Este complexo ou bioma (conjunto de ecossistemas interligados) espraiava-se por cerca de 1 milhão de km2 em 1500, o equivalente a 12% do atual território brasileiro. Os europeus, com seu antropocentrismo e utilitarismo, viram na mata atlântica um estoque de riquezas inertes e serem transformadas em dinheiro, um obstáculo a seus planos de expansão e um espaço a ser conquistado para a agropecuária. Vindos de um continente com escassez de terra e quase desprovido de suas florestas temperadas, consideraram eles que as florestas brasileiras eram inesgotáveis. Esta visão levou-os a uma atitude perdulária. Primeiro, foi a extração indiscriminada do pau-brasil para obtenção de tinta. O corte desta árvore implicava na destruição de enormes porções da floresta, sem que outras árvores derrubadas fossem aproveitadas.

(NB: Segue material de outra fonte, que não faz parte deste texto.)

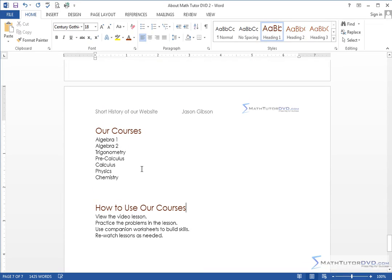And what I have is two little areas. I have a listing of our courses from Algebra through Chemistry, and I have just basic directions on how to use our courses. And so these are items that frequently you might want to create in terms of a list.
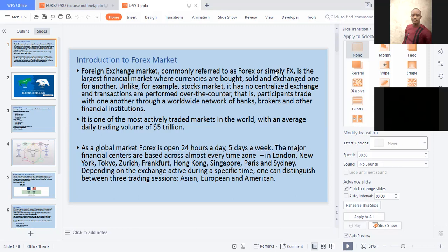Forex is actually traded 24/5 — from Mondays to Fridays. The major time zones include London, where the currency GBP comes from — Great Britain Pounds. Then New York, USD. Tokyo, Japan — they spend Yen. Zurich, that's Swiss — they spend Swiss Franc. Frankfurt, Hong Kong, Singapore — Singaporean dollar. Paris, Sydney, Australia — AUD. The major sessions we look at when trading forex are Asia, Europe, and America.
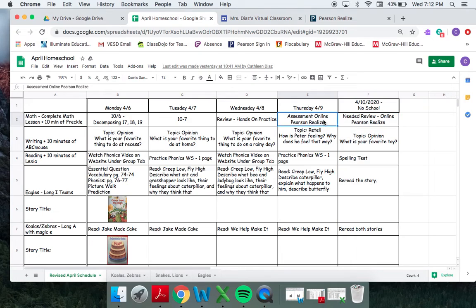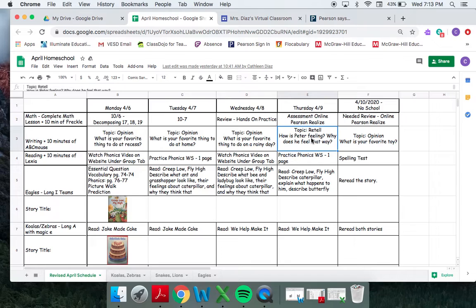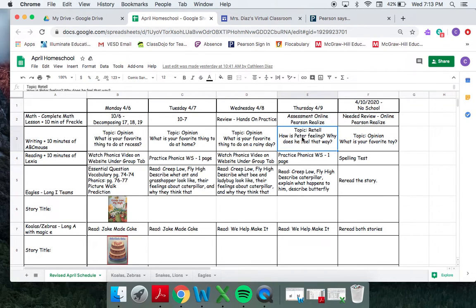So today we have our online assessment, which is our topic 11 test. We have our writing for our retell tomorrow. We're going to talk about how Peter was feeling in Peter's chair and why did he feel that way.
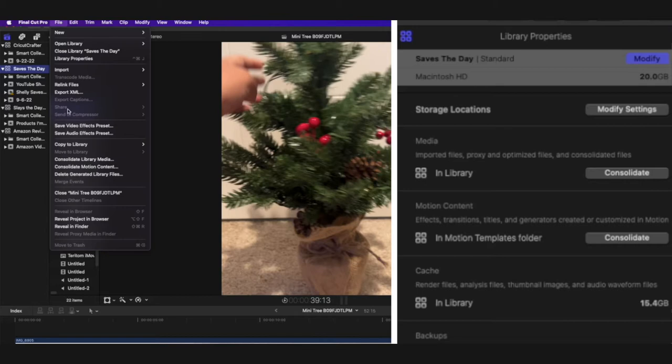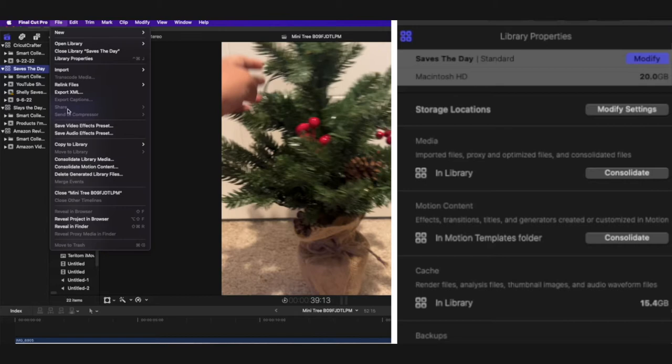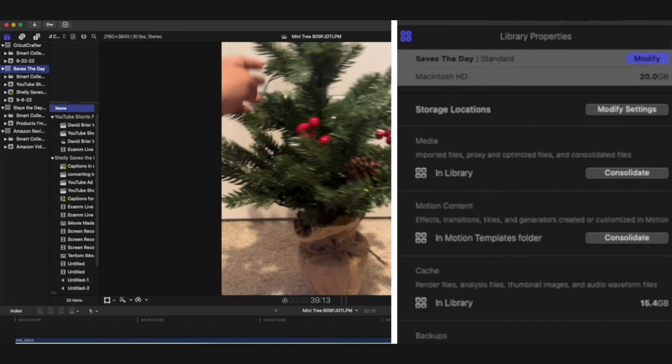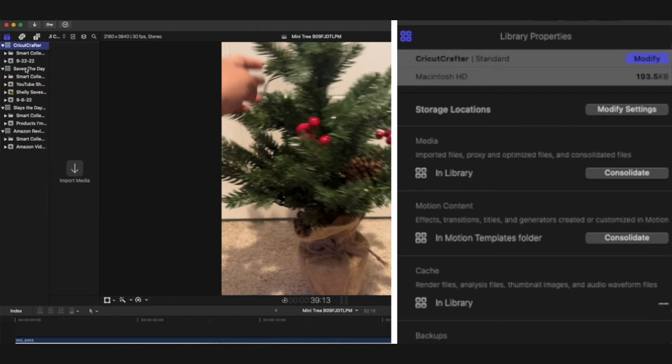Go into library properties and you'll be able to go to file, delete generated library files. You can delete unnecessary and unneeded clips and go ahead and select that. When you come back to your library properties, you'll see that most of the time it should reduce that.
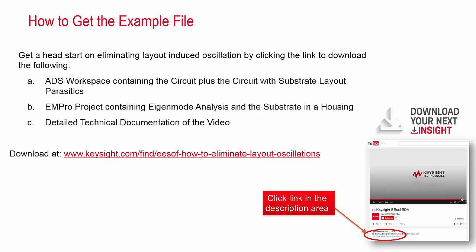To help you get a jump start to explore the topics in this video, the ADS workspace and EMPRO projects used are available in the link below. Thanks for watching.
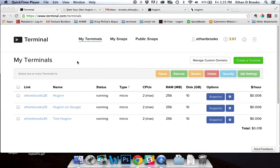Hey guys, Ethan here with terminal.com. Today I'm going to show you how to solve a very specific problem that a lot of people are running into with their Huginn accounts. Huginn is a little app that allows you to set up agents online, and these agents can then pay attention to websites and take action on your behalf.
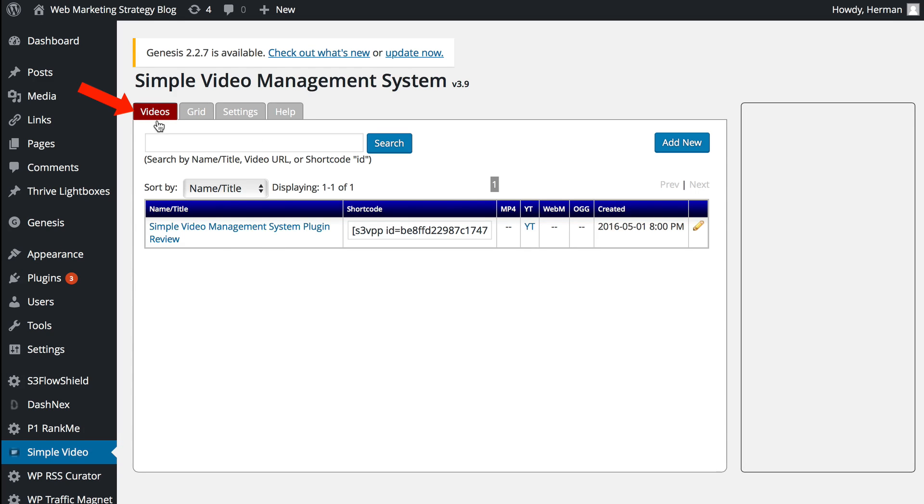I've got Videos, Grid Settings, and Help. So Videos, here you can see a list of all the videos.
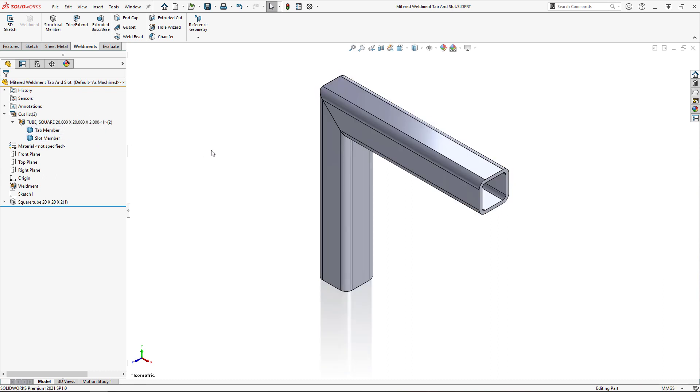For the tab and slot face selections, we actually need to select the mating faces where the two members meet. I'm going to hide and show the bodies in order to make the selections, but you could achieve the same results using the select other command.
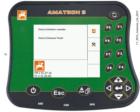On the screen you can see the Amatron 3 has detected two machines. We've got a tractor already set up in the tractor ECU within the terminal, and it's detected that there's a spreader connected as well.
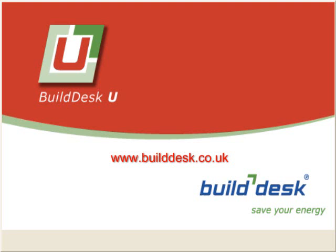Thank you for your interest in BuildDesk U software. We hope you found this of use. For more information please visit our website at www.builddesk.co.uk.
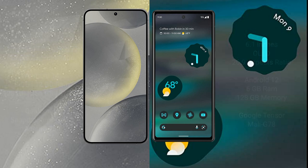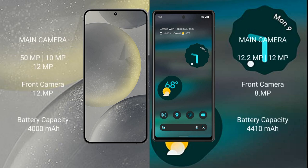The Samsung Galaxy S24 features a triple camera setup: 15MP plus 10MP plus 12MP, and a 12MP front camera. The Google Pixel 6a features a dual camera setup: 12.2MP plus 12MP, and an 8MP front camera.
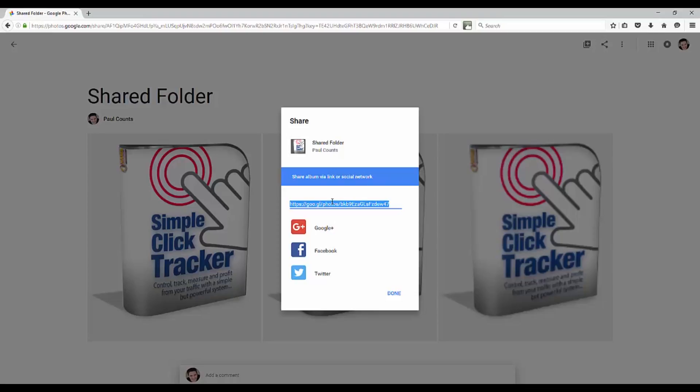It's a great way to share your product images. If you are working with a virtual assistant and they're doing eBay products for you and uploading, great spot to share all your product photos, a great spot for your team to interact with when it comes to photos.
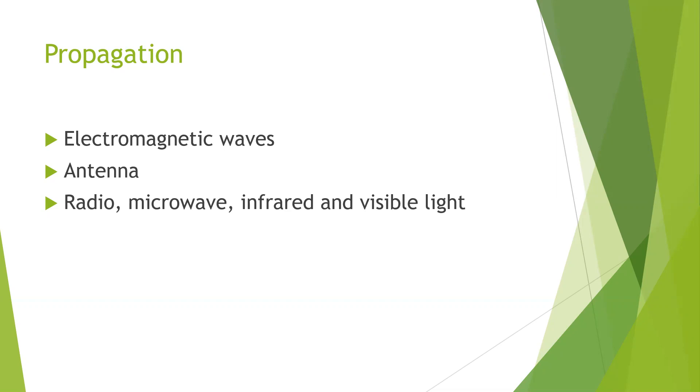They are omnidirectional and can travel in all directions. This can be narrowly focused at high frequency, greater than 100 megahertz, using parabolic antennas like satellite dishes.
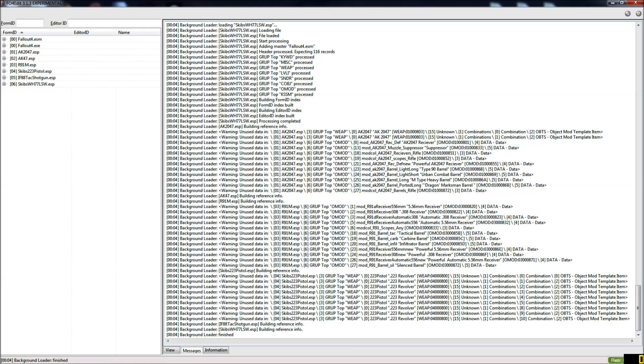Hello, my name is Skibadar and I'm going to give a short tutorial on how to create your own merged patch with merged leveled lists in it for Fallout 4 using the current version of Fallout 4 edit, that is the 3.1.3 experimental version.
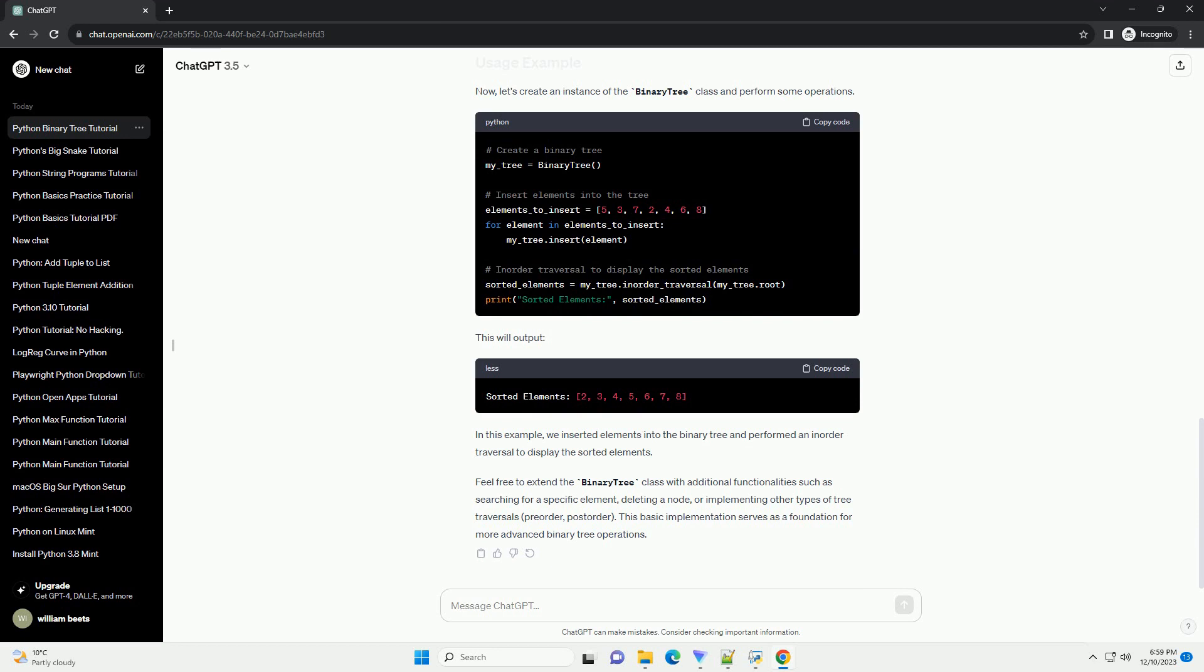Before diving into the implementation, let's understand some basic terms related to binary trees. We will create a simple binary tree class in Python using object-oriented programming principles. Each node in the tree will be an instance of the node class.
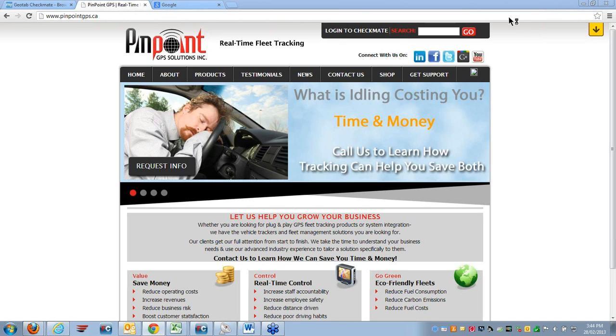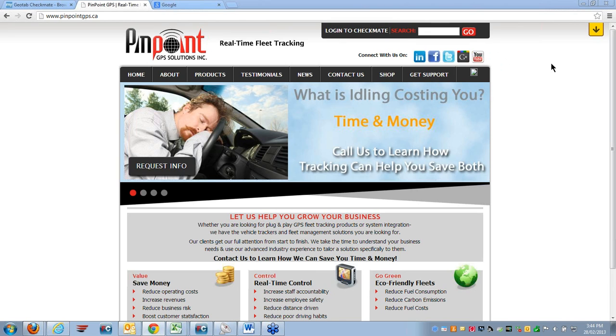Welcome to Pinpoint Training Session Part 1. Today we will be covering how to effectively use Google Chrome with your Geotab Checkmate software.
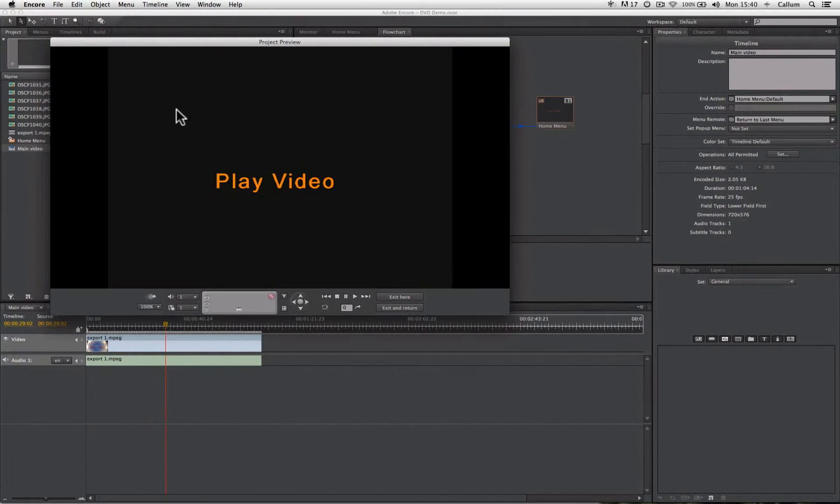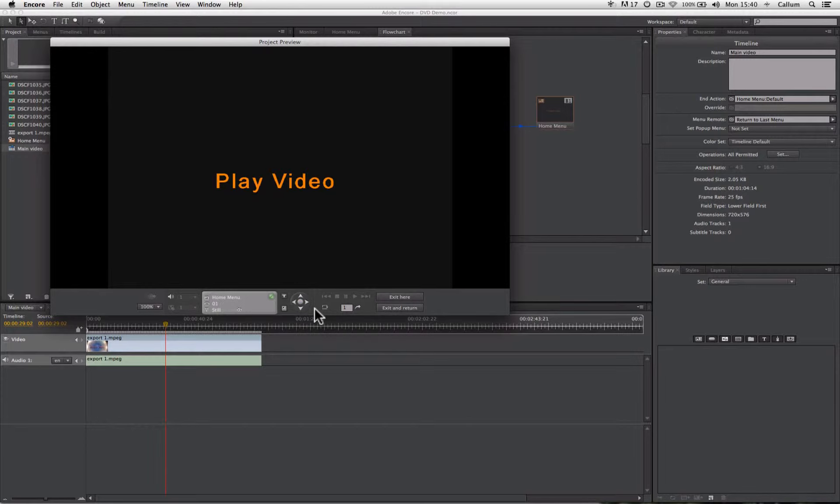If we click that, a virtual DVD player will come up. We'll have all the controls that you will use on a normal DVD player.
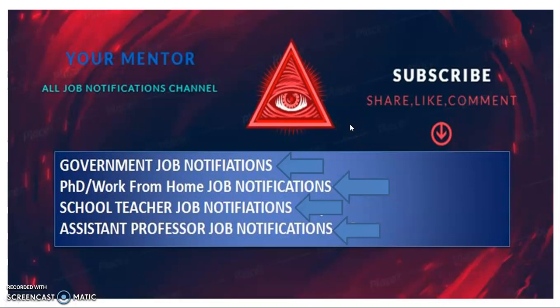Hi, welcome to Evermentor YouTube channel. To get government job, PhD admissions, work from home jobs, PGT, TGT, and assistant professor job notifications, subscribe the channel and then tap the bell icon. Share, like, and comment my videos.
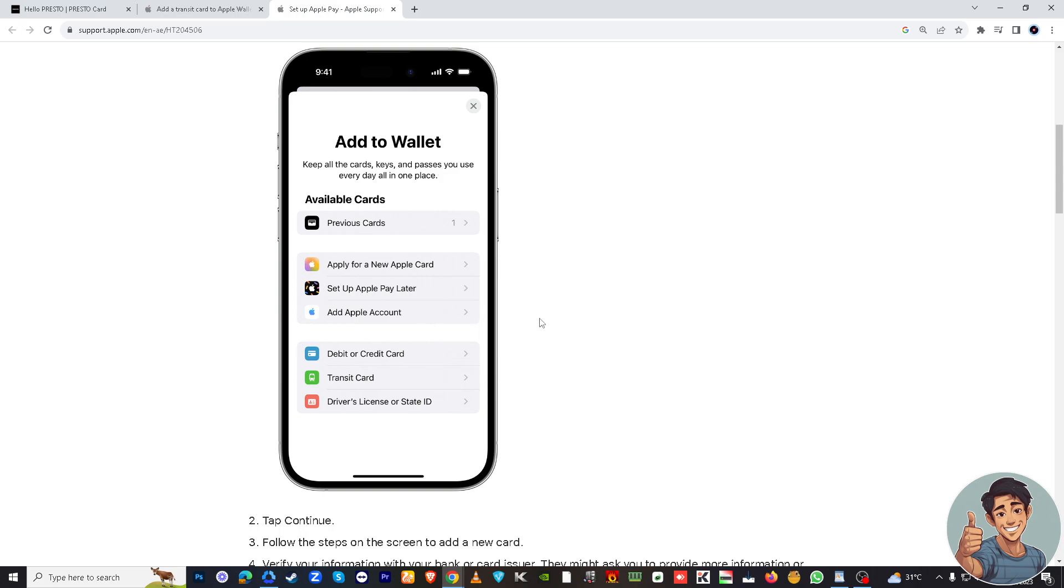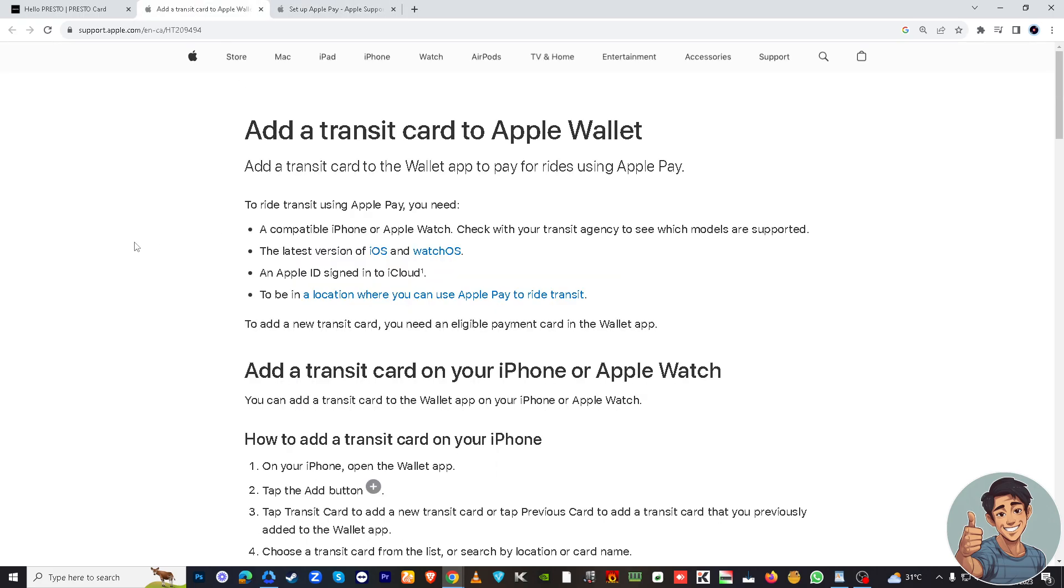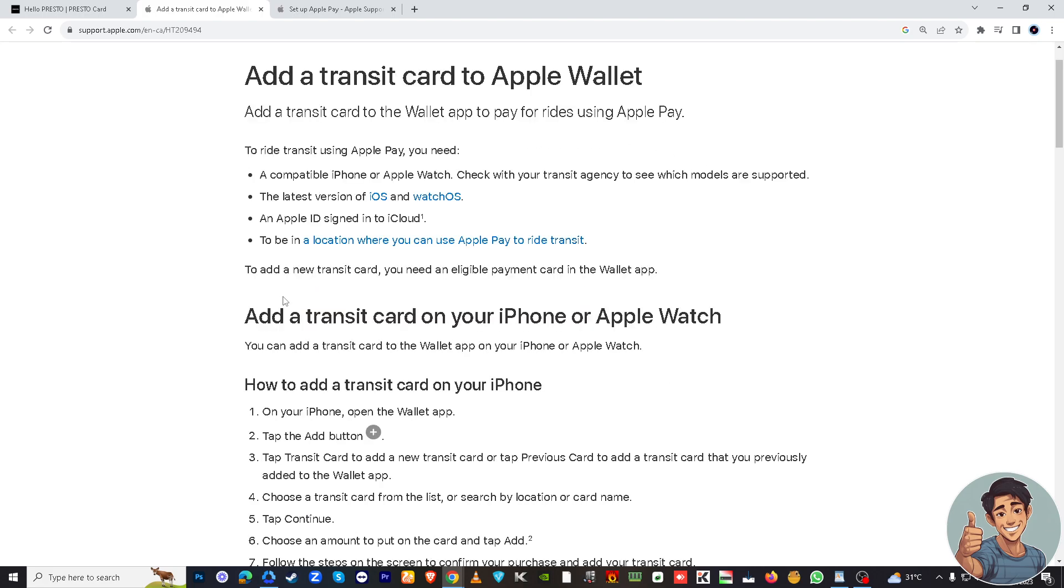Simply open the Wallet when you are at a transit station and tap your card to the reader. That's how you add your Presto card to Apple Wallet. If you need more help, there's helpful information at support.apple.com on how to add a transit card to Apple Wallet.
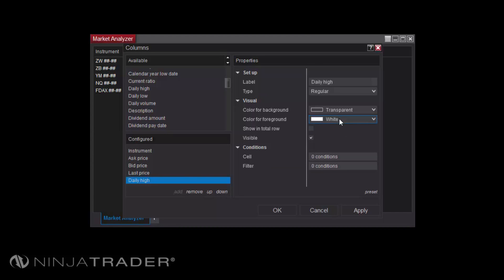The Properties section will allow you to change the parameters of your columns, including the label for the column header, the color for the foreground and background, and the Visible setting, which will allow you to disable the display of the column on the grid.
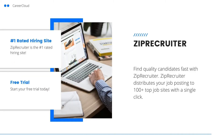This video is sponsored by ZipRecruiter. Find quality candidates fast with ZipRecruiter. ZipRecruiter distributes your job posting to 100 plus job sites with a single click. Get started for free today by clicking the link in the description below.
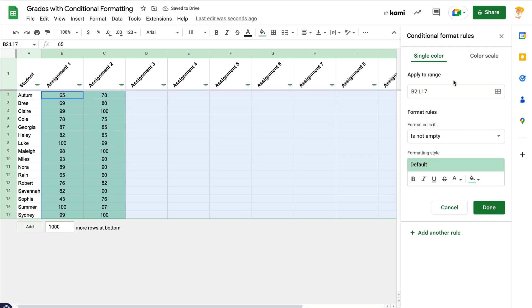By default, now that I have selected my range already before opening this, it's already set. But you can change this if you need to.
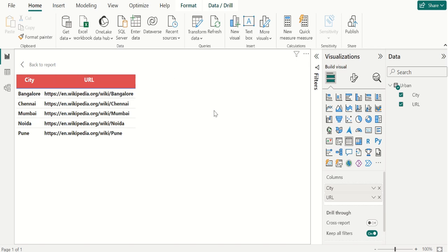When an end user selects a link, it opens in another browser page. You can also create hyperlinks in text boxes in reports, in the Power BI service and Power BI Desktop. And in the Power BI service, you can add hyperlinks to tiles on your dashboards and to text boxes on dashboards.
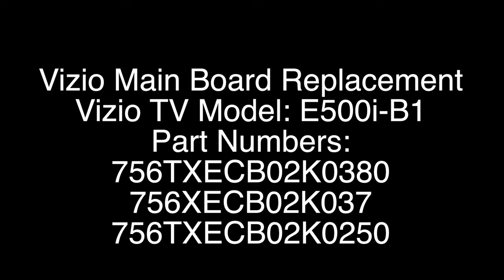In this video we only show one of the main boards being replaced, but this process should be similar for replacing any of the three.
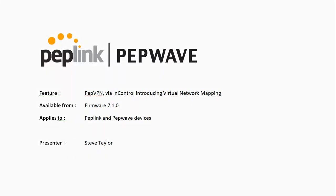Hello, my name is Steve Taylor and I want to introduce you to something really cool the Peplink engineers have introduced with Firmware 710. This feature is called Virtual Network Mapping. Let me show you how this works.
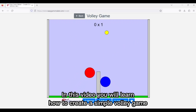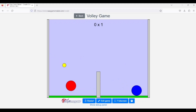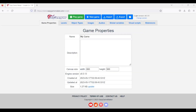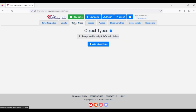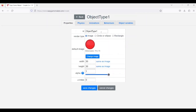In this video, you will learn how to create a simple volley game. Okay, let's start. The game will be local multiplayer.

Com a introdução da cana-de-açúcar, vastas áreas da mata foram suprimidas, principalmente com o uso do fogo. Este instrumento já era empregado pelos povos nativos, mas em pequena escala, para permitir uma agricultura de subsistência. Os portugueses, ao contrário, implantaram uma agricultura em larga escala para atender a economia de mercado, então em crescimento no mundo ocidental, seja para exportação, seja para consumo interno. A descoberta de ouro e pedras preciosas também deu significativa contribuição para abater a mata. Áreas de garimpo exigiam a remoção do revestimento vegetal e alteravam o regime dos rios que alimentavam a floresta. No século XIX, o cultivo do café foi particularmente danoso, pois exigiu a supressão das florestas ombrófilas densas de encosta, provocando um banho de erosão e de assoreamento. Hoje, sabe-se que o café se desenvolve melhor em cultivo de sombreamento, no sub-bosque, assim como o cacau. Considere-se ainda o próprio corte da floresta para fornecimento de matéria prima e energia.

Mas nenhum fator foi tão danoso quanto a urbanização. As maiores cidades do Brasil situam-se no domínio atlântico e concentram cerca de 80 milhões de habitantes. Assim, 93% do conjunto original foram suprimidos. O que parecia inesgotável reduziu-se a melancólicos 7%, distribuídos em manchas isoladas. As leis e as ações em defesa do Domínio Atlântico têm se revelado insuficientes para conter este processo de destruição, como o ecohistoriador norte-americano Warren Dean mostrou em seu livro A Ferro e Fogo. E, como se não bastasse, a bancada ruralista, no Congresso Nacional, deseja aplicar o golpe de morte em seus remanescentes, com uma reforma mesquinha do Código Florestal.